China will get the biggest increase in voting power at the International Monetary Fund when the global lender completes a long-awaited restructuring in 2011, the head of the IMF said on Tuesday (22 September).
In an interview with Reuters, IMF Managing Director Dominique Strauss-Kahn said European nations, which have resisted a dilution of their global economic clout in the IMF, increasingly recognised it was time for change.
“The Europeans understand it is time to move,” said Strauss-Kahn, a former French finance minister. “So, some European countries will be smaller, others will be larger.”
“The only big change will be China, and I think that is totally fair.”
European countries had previously rejected pressure from the United States to reduce the eight seats Europe occupies on the 24-member board. A suggestion of a merger to just one chair was a source of disagreement between EU finance ministers in July (EURACTIV 18/09/09).
The increase of China or India’s share on the board, however, was an agreeable amendment, European leaders said in a statement in which they also confirmed a 50 billion euro hike in their funding to the IMF.
China decision to address global imbalances
The United States has proposed a 5% shift in voting power from developed countries to some “dynamic” emerging economies. China could overtake France and Britain in IMF voting power. The main emerging economies have countered with a proposed 7% shift.
Strauss-Kahn said China, the world’s most powerful emerging nation, was ready to play a bigger role in the global financial system. The developed world now realises that letting China gain more influence in the IMF provides an incentive for Beijing to play a more constructive role in the international financial system.
“When they are recognised as a big player, they will play as a big player,” Strauss-Kahn added.
The shift in attitudes comes as the United States pushes for world leaders to work toward a more balanced global economy that involves China and other big exporters shifting their economies more toward domestic demand, while large debtor nations, particularly the United States, look to export more.
Washington is pressing leaders from the Group of 20 developed and emerging nations to agree on a “framework” for achieving better global balance at a meeting today and on Friday in Pittsburgh.
Coaxing a shift in saving
Asian countries, wary of the IMF’s handling of the Asian financial crisis in the 1990s, have amassed trillions of dollars in savings as insurance against a future crisis and to avoid having to turn to the IMF for help again.
Strauss-Kahn said a more representative IMF would give countries confidence the fund would be there for them in times of crisis, taking away an inducement to save.
“The question of global imbalances and governance are totally linked,” he said.
Some economists have blamed those high savings for contributing to the financial crisis. With the money sloshing around the global economy, interest rates remained unusually low, helping to build housing bubbles and pushing investors toward increasingly risky assets to generate better returns.

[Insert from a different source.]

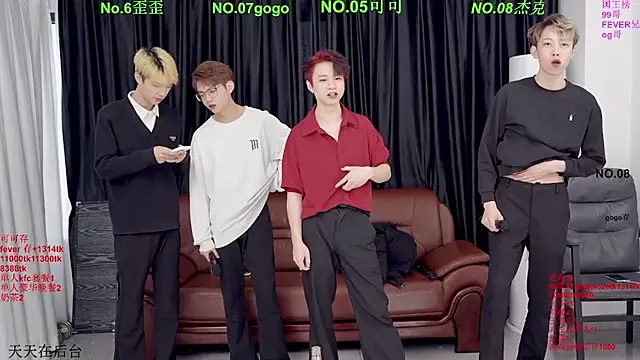 Beautifulboys-777 online show from 03-26-26, 01:01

Under the US rebalancing proposal, G20 nations would assess each others’ policies. The IMF would be called upon to gauge the impact of those policies and report back twice a year with suggested adjustments.
Need for coordination
Strauss-Kahn said the G20 grouping of nations offered a unique forum to tackle imbalances, but warned political will for tough policy choices may fade once economies heal.

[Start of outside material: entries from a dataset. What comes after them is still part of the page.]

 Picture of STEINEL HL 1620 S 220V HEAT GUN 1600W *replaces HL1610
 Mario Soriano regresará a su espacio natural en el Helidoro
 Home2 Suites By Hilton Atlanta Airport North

“This kind of coordination is needed to solve the global imbalances. What is at stake is whether this coordination lasts after the crisis or not, or whether everybody will go back to their own domestic political problems.”
He said it was not too soon to tackle imbalances as long as the global recovery is properly nurtured and governments don’t withdraw support for their economies too soon.

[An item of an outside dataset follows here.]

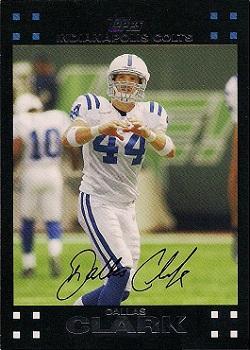 Dallas Clark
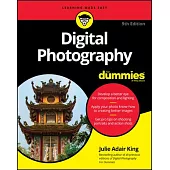 Digital Photography for Dummies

The imbalances were “a problem before the crisis, during the crisis and will be a problem after the crisis. So it is not too soon to deal with it,” Strauss-Kahn said.
“Moreover, part of what has been done during the crisis may change the rules of the game both for countries with big surpluses and countries having big deficits.”
He said part of the solution for ensuring more balanced global growth would be for China to rely less on exports to drive its economy and more on domestic demand, adding that China needed to let its currency rise in value.
“We still believe the renminbi is undervalued,” Strauss-Kahn said.
He noted that in the United States the crisis had already prompted some rebalancing, with a big drop in household wealth encouraging more saving and less consumption.